Verschiedene Voten bestärkten ihn darin, dass ein Engagement zur Zerreissprobe für den SBFZ werden könnte, der aufgrund seiner «wohlwollend-kritischen» Haltung gegenüber dem Flughafen auch schon Mitglieder wie Wallisellen ganz und Opfikon beinahe verloren hat. Der Bülacher Stadtrat Andreas Müller beispielsweise befürchtet für die Gemeinden im Norden Landentwertungen und neue Bauverbote, weil der Lärmteppich hier etwas grösser wird. Matthias Hauser, Gemeindepräsident von Hüntwangen, betonte, dass der Norden und der SBFZ ein gemeinsamer Gegenpol zum dichter bevölkerten Süden sein und gegen das Projekt stimmen sollten. Der Stadler Gemeinderat Daniel Haab ist nicht grundsätzlich dagegen, möchte aber den Fluglärm gerecht verteilt haben.
Opfikon schläft nur 51/2 Stunden
Helen Oertli (Opfikon) regte an, den Flughafen immerhin auf seine Versprechen zu behaften, dass der Nachtlärm mit längeren Pisten abnehmen würde. Roman Schmid sprach sich seitens des Opfiker Stadtrates für die Pistenverlängerungen aus, weil die Stadt während der letzten Wochen sehr viele Südanflüge erdulden musste und hier die Nachtruhe mit den Verspätungen auf 51/2 Stunden schmolz. Mit einer längeren Westpiste könnten die Landungen auch bei Bise (was Rückenwind für die Flugzeuge und damit einen längeren Bremsweg bedeutet) weiterhin von Osten erfolgen. Schmid begrüsste deshalb die Zurückhaltung des SBFZ bei den Pistenverlängerungen.

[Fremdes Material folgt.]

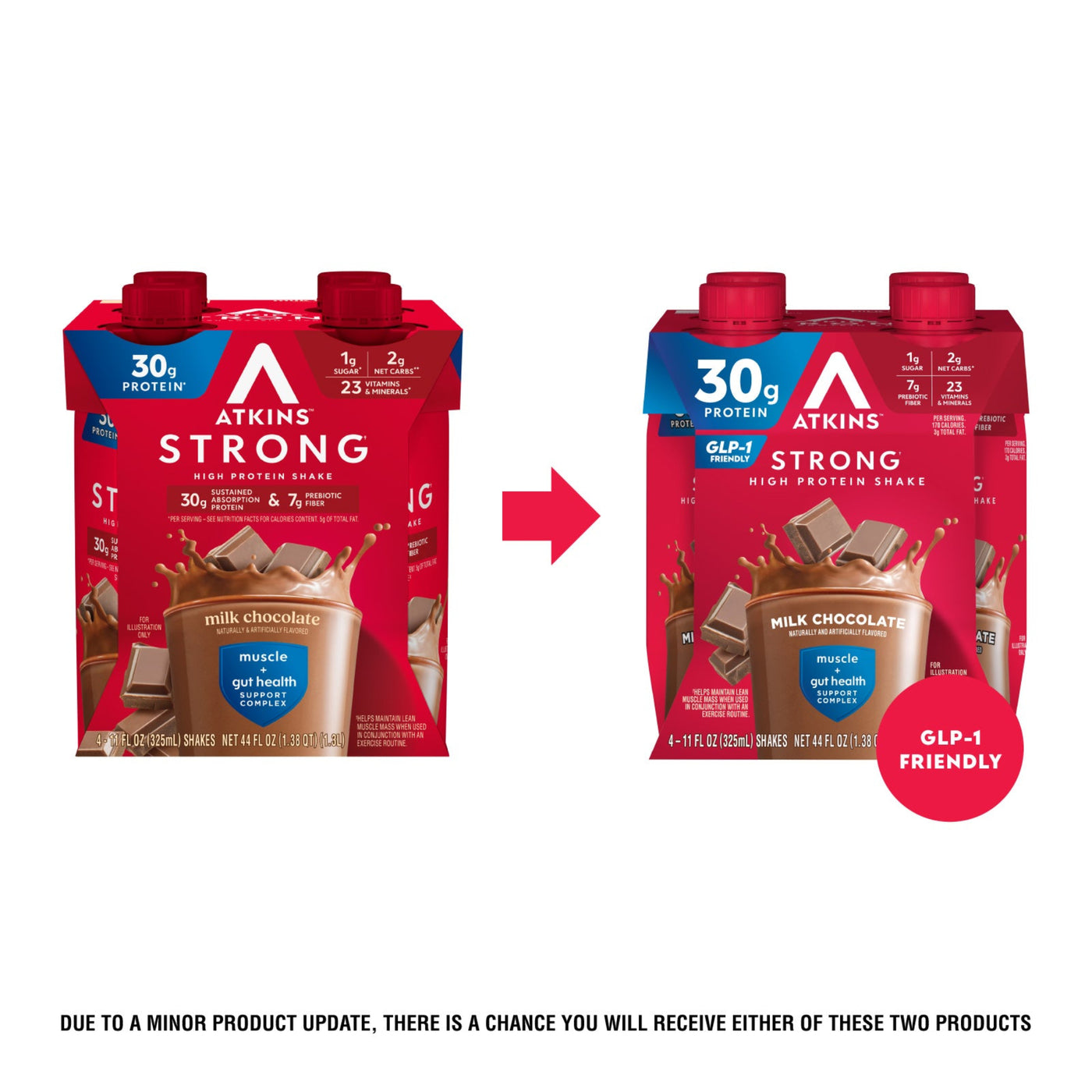 Two packages of Atkins Strong milk chocolate protein shake with a red arrow and text about product update.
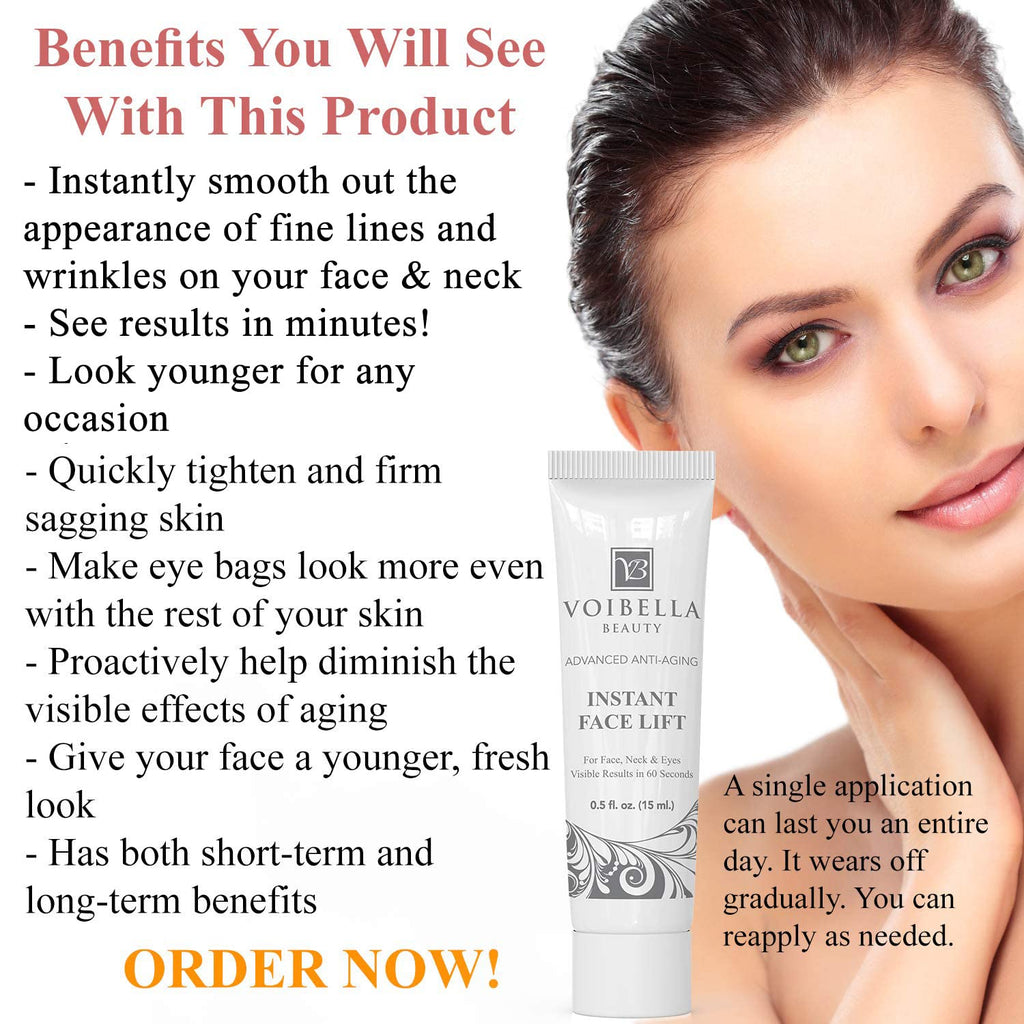 Instant Face Lift Cream - Best Eye, Neck, Face Tightening, Lifting & Firming Serum To Smooth Appearance, Hide Loose Sagging Skin, Puffiness, Fine Lines & Wrinkles Within Mins (Peptides & Stem Cells)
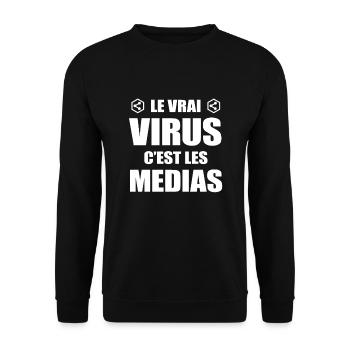LE VRAI VIRUS C'EST LES MÉDIAS - Sweat-shirt Unisexe - noir - Devant - Alina (178cm) & Michal (187cm)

An der Delegiertenversammlung wurde zwar offiziell noch keine Position beschlossen, doch ein finanzielles Zeichen für die «Neutralität» in dieser Frage gesetzt: Der Budgetbetrag von 30 000 Franken für Kampagnen und dergleichen wird belassen und nicht auf 50 000 erhöht, wie ein Gegner der Pistenverlängerungen gefordert hatte.
Nur leicht konkreter wird der Verein zur geplanten Initiative «Fluglärmsolidarität», welche das Flughafengesetz punkto Lärm verschärfen will. Sie sei vom Grundsatz her «interessant», der Initiativtext gemäss Götz aber noch etwas «gummig» und die Initiative noch nicht «spruchreif», weshalb der SBFZ noch nicht dahinterstehen könne.
Brosi in der Höhle des Löwen
In seinem Halbjahresbericht ging Götz unter anderem auf diese Themen des vergangenen Jahres ein: Dass der Zürcher Fluglärm-Index dank Corona endlich unter dem Grenzwert liege, dass die Billig-Airlines 10 Prozent mehr Flüge als vor Corona anböten, die Swiss aber erst bei 85 Prozent ihrer Kapazitäten angelangt sei und dass man den neuen Vorsteher des Bundesamts für Umwelt, Verkehr, Energie und Kommunikation, Bundesrat Albert Rösti, für ein Gespräch angefragt habe (was derzeit viele wollten, weshalb man sich gedulden müsse).
Zum Schluss hatte der Gast das Wort: Es war bezeichnenderweise Lukas Brosi, seit kurzem CEO der Flughafen Zürich AG. Weil er sich diesbezüglich noch in der «Lernphase» befinde, habe er für Fragen, die durchaus kritisch ausfielen, und für technische Details den Chief Operation Officer, Stefan Tschudin, mitgebracht. Brosi betonte, dass die Nachfrage nach Flugreisen derzeit trotz hoher Preise und ohne Zutun des Flughafens gross sei. Er beklagte auch, dass im Moment viel über die Lasten und wenig über den Nutzen des Flughafens geredet werde. «Wir haben kein Wachstumsziel, sondern decken ein vorhandenes Bedürfnis ab.» So sei der Flugverkehr im Gleichschritt mit der Wirtschaft und der Bevölkerung gewachsen. Die Situation mit Personalmangel in Deutschland und Streiks in Frankreich erschwerten es zusätzlich, die regulären Betriebszeiten einzuhalten. Und in Sachen Pistenverlängerungen spüre er viel Misstrauen. «Selbst ein knappes Ja dazu ist für uns kein gutes Resultat.»